Katie: We have to figure out the height of 1 bale. [anticipating height of bale will be helpful]
Alia: If we figure out the size of 1, what can we do? What can we do to figure out the height of 5? [collective questioning] If we find out how to measure the height of 1 bail (sic) [interim goal], we can multiply that by 5. [plan to reach goal.]
Katie: Maybe the height of 1 bale is the same height as the person. [anticipating how height of bale can be estimated]
Alia: How tall is the person? [collective questioning]
Maria: The person is maybe taller than the bale standing up. [anticipating how to estimate person’s height]
Katie: The person’s body is about the same size as the bale. [identifying relationship between situational features]
Maria: The person in the picture is not as tall as [teacher]. [identifying relationship between situational features] We could ask [teacher] to stand next to the door to measure.

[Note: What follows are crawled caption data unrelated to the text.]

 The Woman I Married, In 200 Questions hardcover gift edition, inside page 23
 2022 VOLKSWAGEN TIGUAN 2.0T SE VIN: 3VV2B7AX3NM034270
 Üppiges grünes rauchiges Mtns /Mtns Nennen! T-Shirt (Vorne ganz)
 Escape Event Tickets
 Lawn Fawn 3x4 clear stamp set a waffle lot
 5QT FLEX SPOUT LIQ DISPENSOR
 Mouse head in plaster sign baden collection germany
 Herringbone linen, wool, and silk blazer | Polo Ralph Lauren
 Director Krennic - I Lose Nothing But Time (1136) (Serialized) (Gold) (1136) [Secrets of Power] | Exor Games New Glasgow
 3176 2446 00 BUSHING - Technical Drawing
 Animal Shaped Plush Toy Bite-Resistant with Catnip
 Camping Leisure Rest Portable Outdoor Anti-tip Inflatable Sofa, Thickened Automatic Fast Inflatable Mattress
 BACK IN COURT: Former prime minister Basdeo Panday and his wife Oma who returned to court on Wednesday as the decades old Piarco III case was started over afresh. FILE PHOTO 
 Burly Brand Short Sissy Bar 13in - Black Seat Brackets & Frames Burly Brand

Voicing one step in their approach triggered the foreseeing of the need for a subsequent one, setting in train a set of thoughts, and their articulation and recording, with one step pre-empting the need for another until an anticipated path to the interim goal was reached. These voicings and recordings occurred in a seemingly haphazard fashion as thoughts were articulated and written down immediately in whatever space was available on the first poster sheet. The actual beginning and end points and the projected probable actions that connected them had to be held in the modellers’ minds so they could feedback their foreseen actions onto current actions as they happened. The actual implementation of these anticipated steps requires the carrying through of corresponding decisions and actions to bring those anticipated forthcoming moves into fruition (Stillman et al. 2015). This occurs dynamically, in the moment, and might not lead to successful implemented anticipation of the foreseen path. There was no carefully written step by step recorded plan in the Polya (1945) sense a priori. The actual recorded plan on their second poster sheet was an a posteriori record of what they did recorded after the modelling was completed, with their mis-steps along the way omitted.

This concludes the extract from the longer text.